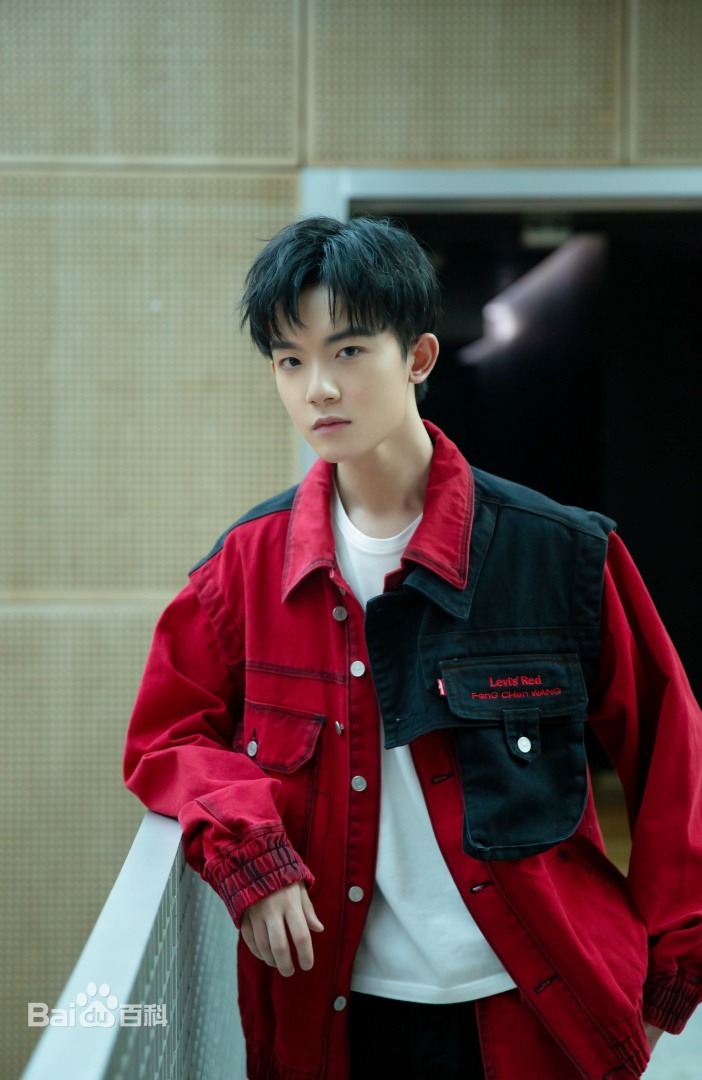 Cái giá phải trả của trai đẹp showbiz có hành vi livestream ngông cuồng, lộ cả 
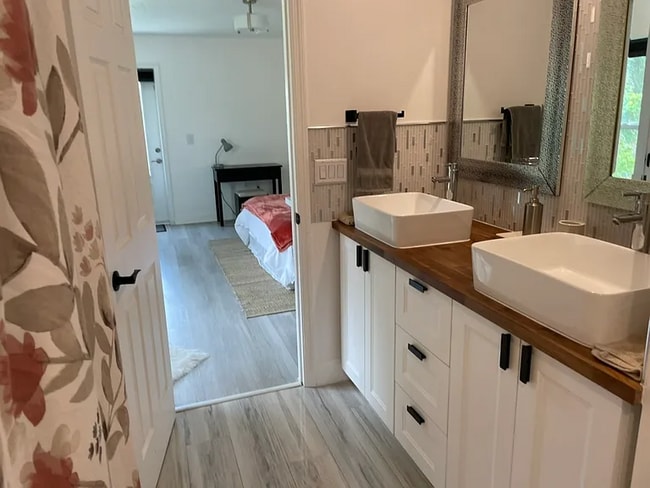 Photo - 1521 SE Ladner St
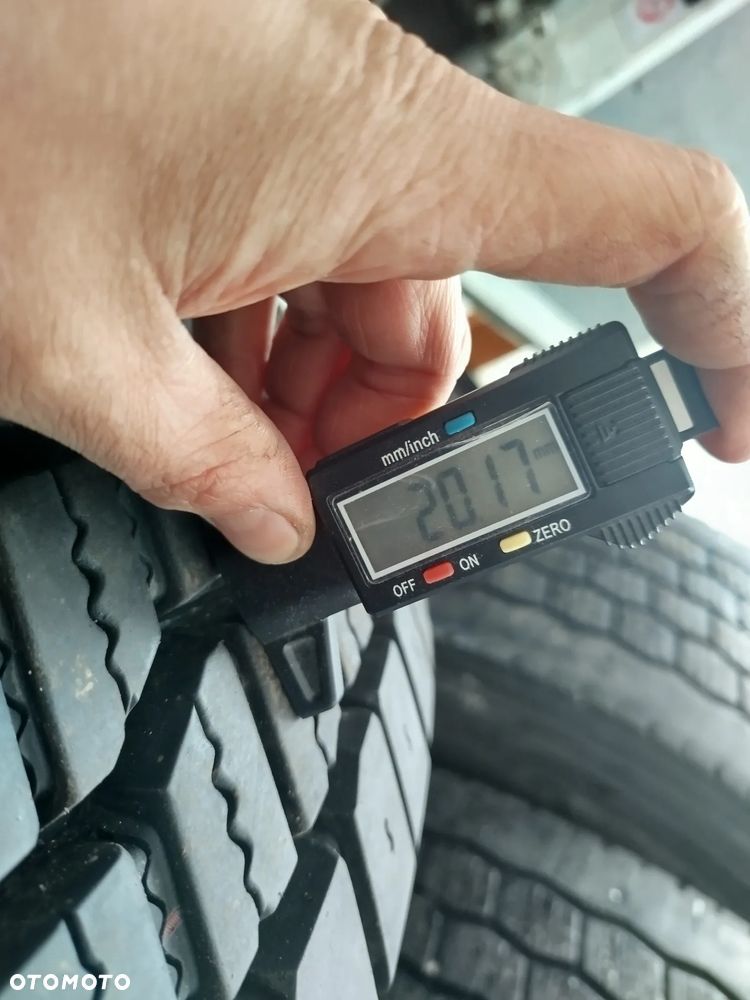 315/80R22.5 156L Continental Scandinavia HD3 4x97% bieżnika używane 1 miesiąc czasu. Założone w Styczniu. - 6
-------
> [Work request] Without including any picture, copy the listing above exactly and in full.

> [Answer space]
 Cái giá phải trả của trai đẹp showbiz có hành vi livestream ngông cuồng, lộ cả 
 Photo - 1521 SE Ladner St
 315/80R22.5 156L Continental Scandinavia HD3 4x97% bieżnika używane 1 miesiąc czasu. Założone w Styczniu. - 6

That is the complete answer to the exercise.